Detect and Remove Outliers in Python

Detect and Remove Outliers in Python

  1. Set Up the Environment and Load the Data Set
  2. Visualize the Data Set in Python
  3. Mathematical Methods to Detect the Outliers in Python
  4. Remove the Outliers From the DataFrame in Python

Within a dataset, an outlier is an item that is abnormally different from the rest of the dataset. However, this definition gives enough room for the data analyst to decide the threshold for abnormality.

We have outliers due to measurement errors, execution errors, sampling problems, incorrect data entry, or even natural variation. Removing outliers is important because their presence can increase errors, introduce bias, and significantly impact statistical models.

In this tutorial, we will be discussing methods for detecting and removing outliers from a dataset. We will demonstrate this by applying our techniques to a well-known Boston Housing dataset, part of the scikit-learn library.

The article is structured such that we will explore a method for detecting outliers and then discuss how the technique can be used to remove outliers.

If you wish to follow the tutorial, you can do so within your browser using Google Colab. It’s as simple as opening up a new notebook and writing code.

Here’s a step-by-step guide to getting started with Google Colab.

Set Up the Environment and Load the Data Set

We start by importing a few libraries that we will be using.

import sklearn
from sklearn.datasets import load_boston
import pandas as pd
import matplotlib.pyplot as plt

We can then load the Boston Housing dataset.

bh_dataset = load_boston()

The dataset contains a feature_names attribute, an array containing the names of all the features in the dataset.
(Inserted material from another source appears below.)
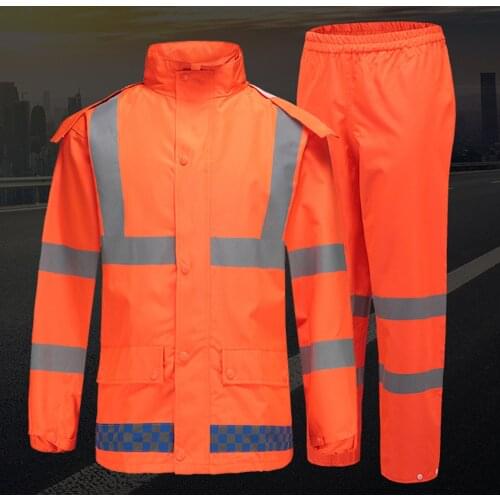Reflective Cloth Highlight Waterproof Safety Rain Coat Night Worker Traffic Security High Visibility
The data attribute contains all the data.

We will separate the two and then combine them to create a Pandas data frame.

columns = bh_dataset.feature_names
df_boston = pd.DataFrame(bh_dataset.data)
df_boston.columns = columns

df_boston now contains the entire dataset. Pandas allows us a clean and straightforward way to get a preview of our dataset using the .head() method.

Calling the function as shown below will show a preview of the dataset (also shown below).

df_boston.head()

Output:

Dataset Preview

Visualize the Data Set in Python

Generate a Box Plot to Visualize the Data Set

A Box Plot, also known as a box-and-whisker plot, is a simple and effective way to visualize your data and is particularly helpful in looking for outliers. In python, we can use the seaborn library to generate a Box plot of our dataset.

import seaborn as sns
sns.boxplot(df_boston['DIS'])

The plot for the above code:

Box and Whisker Plot

Indexing the dataset with 'DIS' means passing the DIS column into the box plot function. The box plot is generated in 1 dimension.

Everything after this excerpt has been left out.